Pieter Kuntz

Uit Wikipedia, de vrije encyclopedie

Pieter Adrianus Kuntz (Rotterdam, 20 oktober 1904 - Nieuwerkerk aan den IJssel, 3 juni 1945) was een Nederlands verzetsstrijder tijdens de Tweede Wereldoorlog. Kuntz werd geboren als zoon van een Duitse vader en een Nederlandse moeder. Volgens de toenmalige wetgeving kreeg het kind de nationaliteit van de vader. Kuntz trouwde tweemaal met een Nederlandse vrouw, waar uit het eerste huwelijk één kind en uit het tweede huwelijk twee kinderen werden geboren.

Kuntz werkte onder andere als steward op de grote vaart (KNSM) en als leraar Duits op een middelbare school. In 1943 moest Kuntz vanwege zijn nationaliteit in Duitse krijgsdienst, waaruit hij kort na 6 september 1944 was gedeserteerd om zich aan te sluiten bij het Rotterdamse verzet. Kuntz maakte vervolgens deel uit van de L.K.P.-knokploeg van Joost "Harro" Schouten (Rotterdam Zuid).

Vermoord na de oorlog op verdenking van verraad[bewerken | brontekst bewerken]

Op 28 april 1945 gaf prins Bernard als hoofd van de Binnenlandse Strijdkrachten het bevel om met onmiddellijke ingang alle liquidaties van vermeende verraders stop te zetten.[1]

Desondanks werd onder andere de Rotterdamse verzetsstrijder Pieter Kuntz zonder proces doodgeschoten op 3 juni 1945 door Chris Scheffer en Jan Arie de Groot. Kuntz werd verdacht van verraad, ook al heeft de lokale commandant J.A. Louwers van de Binnenlandse Strijdkrachten (bureau Gordelweg) verklaard dat Kuntz niet werd verdacht en zich vrijelijk door de stad mocht bewegen.[2]

Kuntz werd er van verdacht de centrale Rotterdamse wapenvoorraad van de Binnenlandse Strijdkrachten, welke in een trekschuit "De Drie Gebroeders" in de Boezembocht was opgeslagen, te hebben verraden aan de bezetter. In januari 1945 zou Kuntz op aanwijzing van V-Mann Anton van der Waals zijn aangehouden en tijdens marteling door de Sicherheitsdienst zijn doorgeslagen. Op 13 januari 1945 overviel de Sicherheitsdienst de schuit en sneuvelden twee verzetsstrijders die de schuit bewaakten.

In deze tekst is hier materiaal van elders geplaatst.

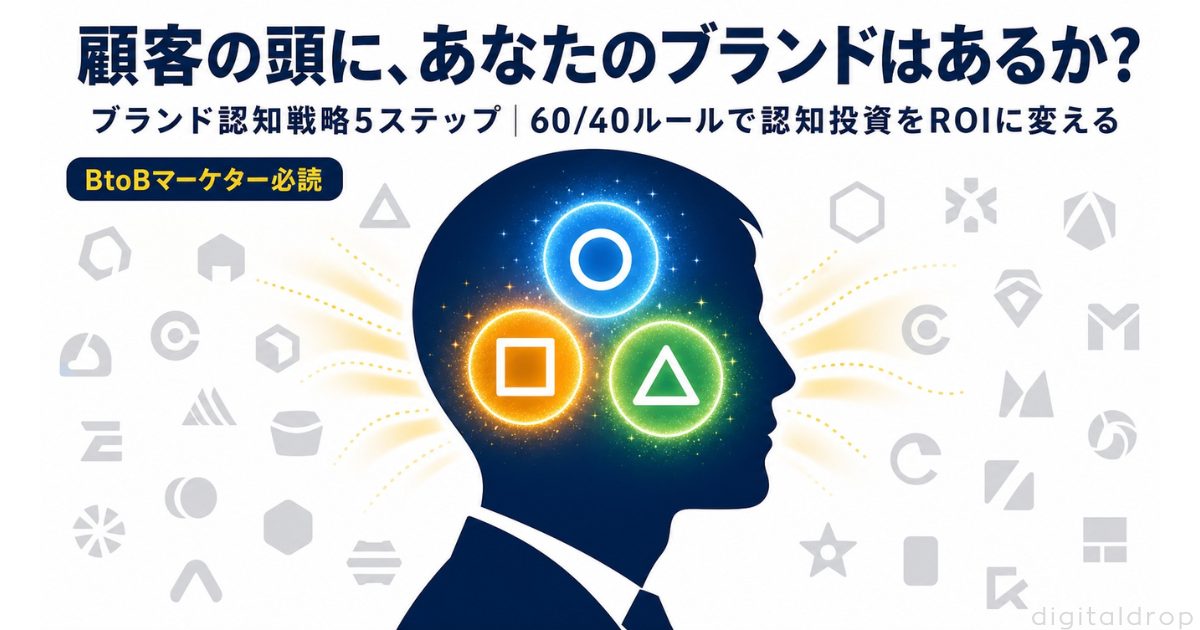 ブランド認知 戦略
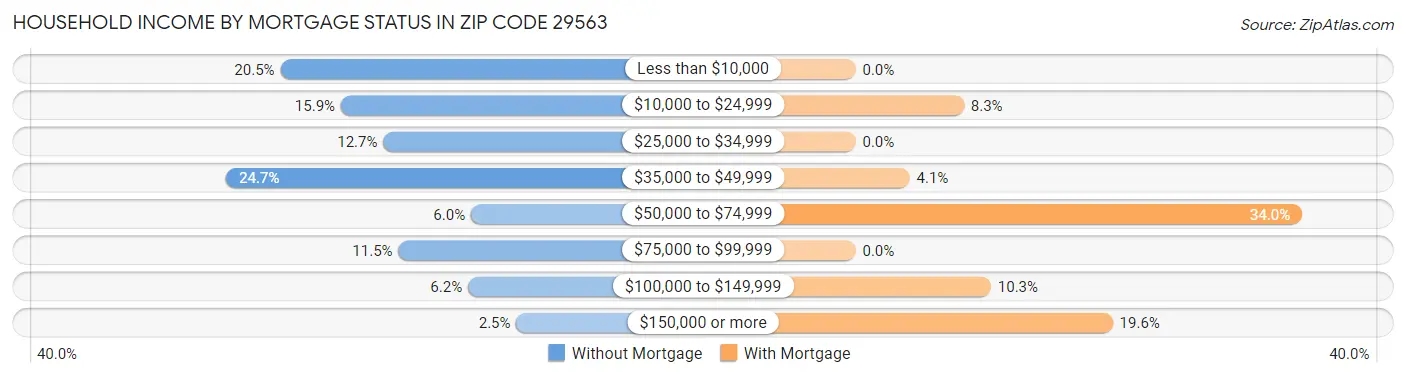 Household Income by Mortgage Status in Zip Code 29563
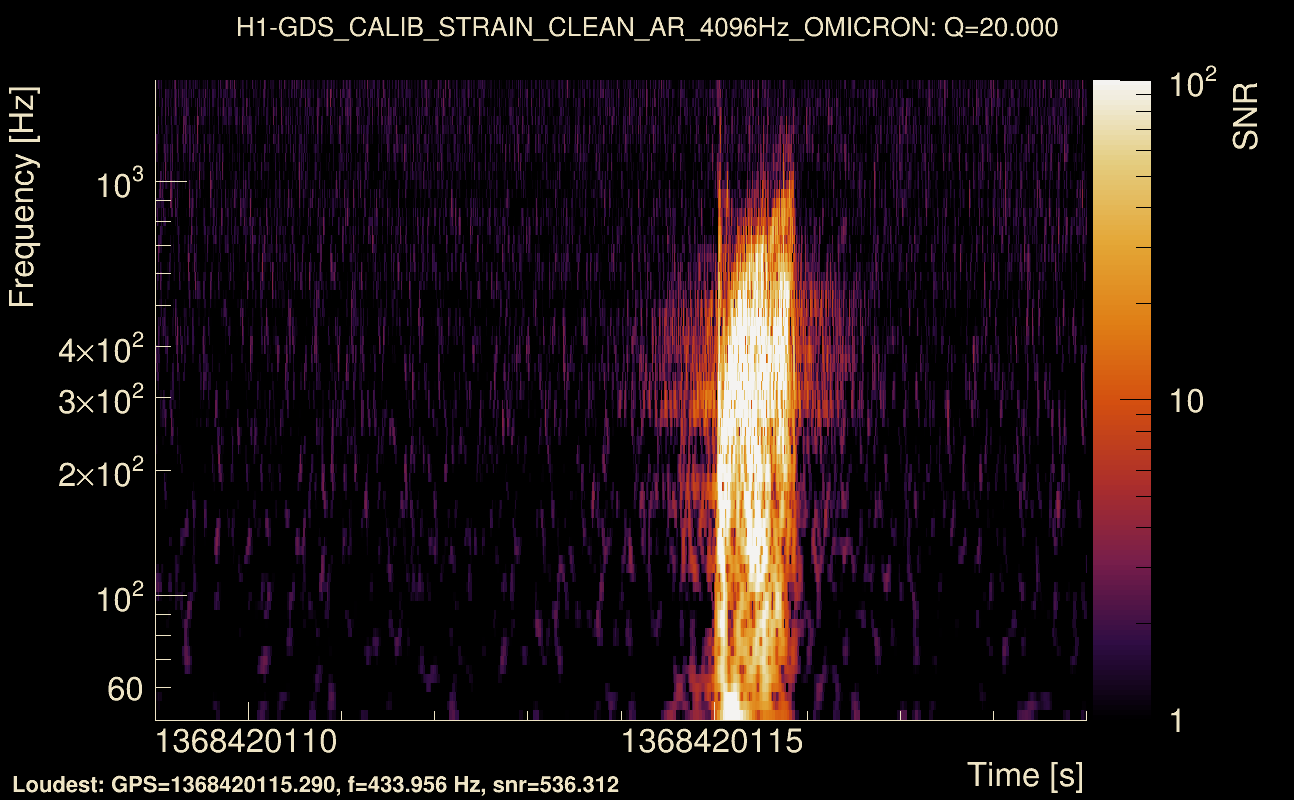 Omicron map Q2, det0, 1368420114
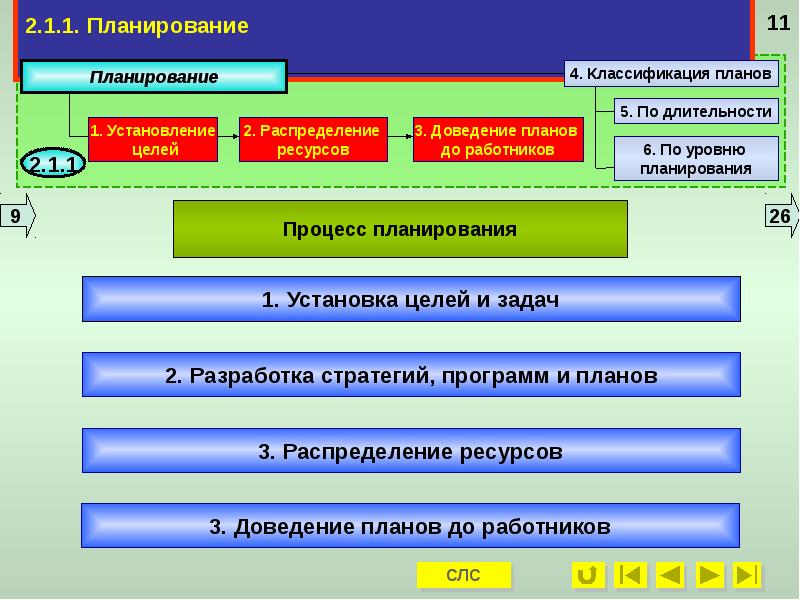 Последовательность процесса целеполагания проекта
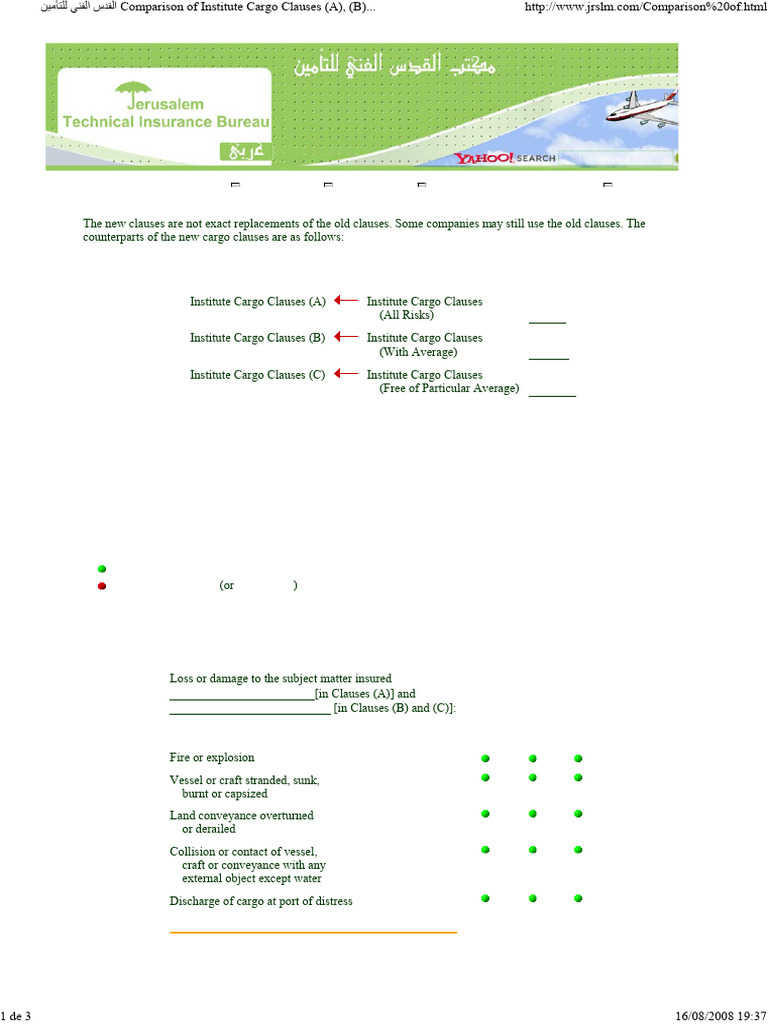 Comparison of Institute Cargo Clauses | PDF | Insurance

Uit historisch onderzoek van J.A. Blaauw blijkt dat de bezetter de wapenschuit al op het spoor was nog voordat Kuntz werd aangehouden. Blaauw concludeert dat Kuntz waarschijnlijk geen blaam treft. Voor de geruchten dat Kuntz als V-Mann actief werd na zijn aanhouding zijn geen bewijzen gevonden.[3][4]

Kuntz zat van januari 1945 tot 27 mei 1945 in arrest in afwachting van een krijgsraad wegens desertie uit de Wehrmacht.[5] Door geallieerd ingrijpen werd op 27 mei 1945 voorkomen dat hij als gevangene van de Wehrmacht naar Duitsland werd meegevoerd.

Omdat Kuntz na 5 mei 1945 overleed kreeg hij niet de status van "oorlogsslachtoffer". Het verzetspensioen van zijn weduwe werd stopgezet in 1946. Ondanks aandringen van de weduwe werd er geen strafrechtelijk onderzoek naar zijn dood gedaan. Zijn moordenaars Scheffer en De Groot kregen in 1950 voorwaardelijke straffen voor de naoorlogse moord op Kitty van der Have.